Quoi qu’il en soit, une chose est sûre : le symbole est au cœur de notre nature d’espèce pensante qui produit socialement son existence de façon consciente, grâce à sa capacité d’anticiper l’évolution des choses et de se représenter l’impact de son activité. Dès lors, c’est nous faire insulte de considérer comme dérisoire le combat pour extirper de la langue française ce symbole de l’oppression que le système scolaire enfonce dans le crâne des petites filles et des petits garçons. Poser que « le masculin l’emporte sur le féminin » revient tout simplement à poser que l’inégalité des droits serait une loi de la nature. Sous l’Ancien Régime, quand l’Académie fut fondée, c’était aussi l’argument des esclavagistes...

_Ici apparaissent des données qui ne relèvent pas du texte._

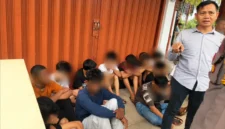 Satpol PP Padang mengamankan 12 pelajar yang diduga hendak tawuran di Tampat Durian, Jumat (16/10/2026). (Foto: Humas Satpol PP Padang) 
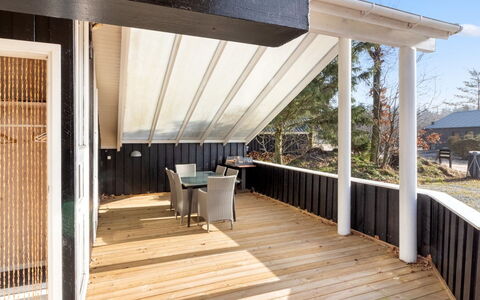 Berenice - 250M from the Sea: Bois, Sol, Sol, Parquet, Plate-Forme, Dur, Composite, Porche, Planche, Ombre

Je suis à ma connaissance, jusqu’à présent, un des seul·e·s - voire le/la seul·e ?- auteur·e à avoir choisi de recourir systématiquement à l’écriture inclusive dans un ouvrage qui ne traite pas du combat féministe. Je n’en tire aucune fierté, n’en fais pas un argument de promotion, et estime que mon essai (« Le moment Trump. Une nouvelle phase du capitalisme mondial ») doit être jugé pour l’analyse qu’il propose de ce dont Trump est le nom. Je n’essaie pas non plus de me faire passer pour un homme féministe (une variété rarissime, si tant est qu’elle existe…). Je veux simplement marquer ma solidarité avec les femmes qui luttent contre leur oppression. En cette époque de réaction, cette solidarité est plus urgente que jamais. C’est pourquoi mon ralliement à l’écriture inclusive est définitif.